I have a question on Life Like track. Pretty sure I know the answer but figured I'd ask the 'experts' here anyway. 
Recently, I have 'acquired' a couple complete LifeLike race sets for a VERY reasonable price. I want to setup and mount it all on a folding table so my grandson and I can race on it. Personally, I'm more of a drag racing kinda guy, but since my grandson wants to do this, I have no problem with it. :thumbsup:
My question is this, did Life Like ever make anything other than a 9" curve? Would be nice to setup a 4 lane track, but if not I'm still gonna set this up anyway. I have looked around and all I can see are 9", which leads to believe that's all they made. Sure, I can get another kind of track, and use adapters and such, but that would require more work and time, and I really don't want to go thru that much effort..lol. 
Anybody? 
Ron (Bondo) :dude:


----------



## gomanvongo (Jun 12, 2010)

*you can do some fun things with LifeLike...*

Like you, I had happened into a large quantity of Lifelike track - it also turned out to be the most common at yardsales around here, so I built up quite a collection. One day I bought a set and it had banked 12" corners - what a revelation! I could now do a sweet 4 lane setup. I have also found LL intersections, so my 4 lanes all can cross each other and interact.








[/IMG]

In building in the intersection, maintaining equidistant track lengths was key, so I made up a layout on my 'puter. it needed some final tweaking in real life, but we wound up with a unique and fun to drive track, that still lets us have fair 4 lane races...

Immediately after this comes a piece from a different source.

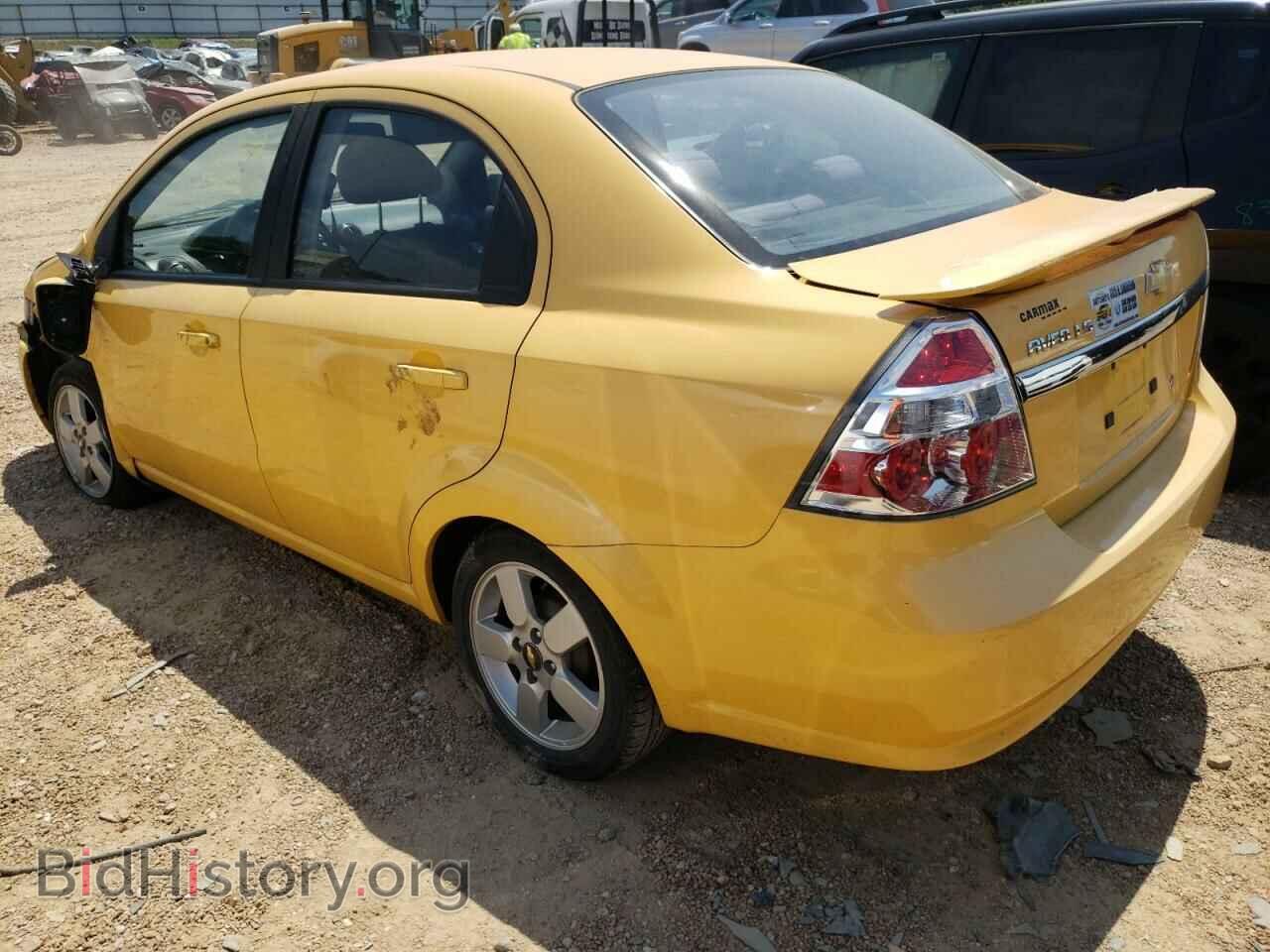 2008 CHEVROLET AVEO - VIN: KL1TD56678B047687 - Фото 3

I hear that LL also makes a "non-banked" outside 12 and maybe a smaller inside as well but I've never seen one in captivity. LL did make adapters to snap into tyco track and afx track, so you can always get a few of those and the corner combos you want from whichever manufacturer is available for cheap.

john


----------



## Ralphthe3rd (Feb 24, 2011)

Hey John/Gomanvongo, that's a pretty cool Layout you built there using L.L. sectional track


----------



## cwbam (Feb 8, 2010)

http://www.hoslotcarracing.com/

on left side under TRACKS
click on LAYOUTS
scroll down to LIFELIKE 4 X 8 LAYOUTS

there is a few examples of tracks with 9 & 12" curves


----------



## Grandcheapskate (Jan 5, 2006)

Lifelike only makes flat curves in the 9" 1/4 size. Packaged (in sets of 4) 12" 1/8 banked curves are readily available at a number of vendors for between $13-$15. You may come across 9" 1/8 banked curves, but only in a very few select older sets.

Those are your only options.

Joe


----------